UCLA reeling after worst loss
Jan. 10, 1997
STANFORD, Calif. (AP) _ In the final surreal moments of what became the worst loss in UCLA's history, first-year coach Steve Lavin couldn't help cracking a sad smile.
Having Brevin Knight, Stanford's star guard, score 25 points in 24 minutes was one thing. Watching Stanford reserves Mark Seaton and Pete Van Elswyk throw down two-handed slams and seldom-used Kamba Tshionyi pop a 3-pointer during the closing minutes of UCLA's 109-61 loss to Stanford Thursday night just drove home the enormity of the defeat.
``Guys who weren't even in our scouting report were coming in and busting threes and looking like All-Americans,'' Lavin said. ``It was one of those nights where they could've drop-kicked it from the half-court line and it would've gone in.''
The 21st-ranked Cardinal made 15 3-pointers, breaking the school record of 14 against Alaska-Anchorage Dec. 18, and opened a shocking 31-point halftime lead against UCLA (7-4, 2-1 Pac-10).
``I've been on the other end where I've won big, but I've never lost this big,'' said UCLA's Charles O'Bannon, a sophomore when the Bruins won their record 11th NCAA championship two years ago.
It was Stanford's stunning beginning that paved the way for UCLA's 48-point loss, which surpassed the Bruins' worst previous defeat by 10 points. UCLA lost by 38 points to Arizona in 1989.

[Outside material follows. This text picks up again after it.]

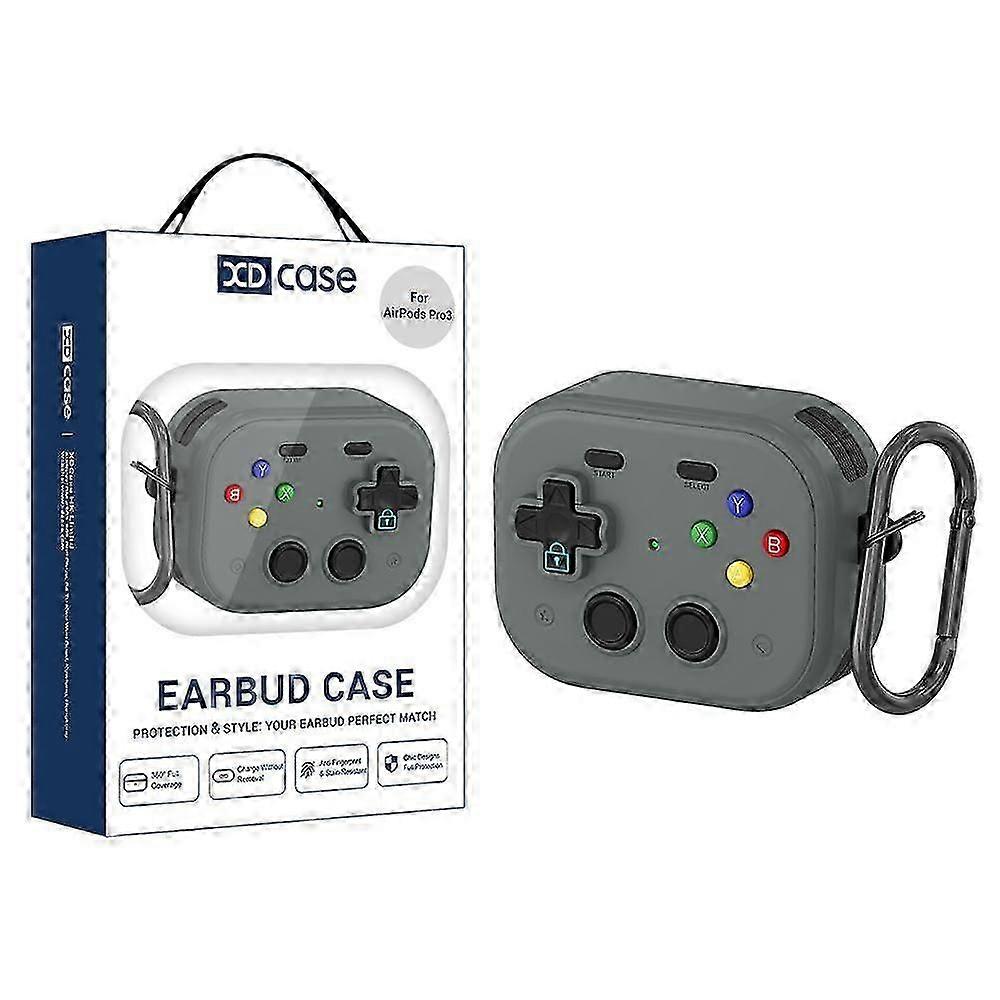 For AirPods Pro 3 XDcase Retro Game Console Design Earbuds Protective Case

Shooting over UCLA's zone, Knight hit three 3-pointers and Rich Jackson drained another and the Bruins trailed 17-1 five minutes into the game. Another Knight 3-pointer made it 22-5 a minute and a half later.
A mild run by the Bruins cut it to 24-12 before Stanford took off again, with Arthur Lee nailing consecutive 3-pointers and Ryan Mendez hitting another. By halftime, Knight had 20 points and Stanford led 57-26.
``They were shooting at a rim that was as big as my arms,'' O'Bannon said. ``Everything they threw up went in. There was nothing at all we could do about it. It was unbelievable. I'm not embarrassed. They played a perfect game.''
Even Stanford (9-2, 2-1) had a hard time fathoming the scope of its victory.
``I had confidence we could win because we're a good team and it's our home court,'' Knight said. ``But if you would have told me we would have won by 48 points, I would have said, `Never.' ''
UCLA, which entered the game leading the nation in field goal shooting at 54.9 percent, hit only 33.3 percent from the field in the first half and finished at 36.7 percent.
The loss was only the Bruins fifth in their last 39 conference games.
``We ran into a Stanford team that was a buzzsaw,'' said Lavin, who took this season after Jim Harrick was fired. ``They beat us to the punch in all areas _ down the floor, on rebounds, shooting _ the whole game. They played at what I call a magic level.''
As for UCLA, Lavin said, ``It was a bad dream that kept getting worse.''
And the loss will stick with him for some time.
``Unfortunately, the asterisk will be by my name,'' Lavin said.